Et d’ajouter : « Les forces morales doivent être pour nous une préoccupation de tous les instants. Parce qu’elles ne surgissent pas du néant au moment du combat, elles doivent être forgées et entretenues en permanence. Faute d’avoir anticipé cette obligation, nous serions promis à la défaite. »

Dans un entretien publié le 6 mai par l’AFP, le général Burkhard a de nouveau évoqué les « forces morales » en répondant à une question sur les enseignements de l’invasion de l’Ukraine. « Tout d’abord, l’importance des forces morales. Les Ukrainiens ont gagné dans ce domaine. Ils ont une armée qui défend son pays et un pays qui soutient son armée. Cela se construit, ce n’est pas quelque chose qui se décrète le jour où une guerre éclate », a-t-il répondu.

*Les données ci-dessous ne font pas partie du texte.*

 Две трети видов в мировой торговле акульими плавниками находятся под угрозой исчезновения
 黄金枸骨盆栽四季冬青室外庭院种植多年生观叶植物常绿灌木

En outre, le CEMA a également souligné l’importance de la guerre informationnelle. « Les Ukrainiens ont réussi à imposer leur narratif face aux Russes, qui étaient un peu les maîtres en la matière », a-t-il dit. Enfin, il a également insisté sur la préparation opérationnelle. « L’armée russe est supérieurement équipée mais n’a pas réussi à entraîner ses soldats à la haute intensité », a-t-il relevé.

Au passage, et comme il l’avait fait dans son ordre du jour n°13, le général Burkhard a égratigné le commandement russe en évoquant la première phase de l’offensive lancée par la Russie. Phase qui visait à faire tomber le gouvernement ukrainien en exerçant une forte pression sur Kiev… et qui s’est soldé par un échec.

Le « dispositif [russe] n’était pas très cohérent tactiquement », a commenté le CEMA. L’une des raisons? « L’armée russe est l’armée du mensonge. Des gens ont menti en disant que l’armée ukrainienne ne se battrait pas, que les forces russes étaient prêtes à faire la guerre, que les chefs savaient commander », a-t-il avancé.

Reste que, pour le général Burkhard, la situation actuelle est appelée à durer. « On est entrés dans une compétition longue avec la Russie », a-t-il estimé, soulignant que Moscou a mis en place une « vraie stratégie dans le temps long », ave le renforcement de ces capacités militaires, notamment avec les armes hypersoniques.

Toutefois, a poursuivi le CEMA, les difficultés des forces russes en Ukraine vont « imposer une pause » à cette stratégie de long terme… Aussi, l’Europe devra « en profiter pour se réorganiser et construire aussi sa stratégie de long terme, penser le jour d’après la guerre ukrainienne », a-t-il estimé. C’est à dire qu’il faudra « se réarmer, renforcer la cohésion et se mettre en position d’être compétiteurs avec les Russes », avec l’objectif de se donner la capacité d’affaiblir la Russie sans perdre de vue qu’il « faudra peut-être reconstruire une architecture de sécurité » avec elle.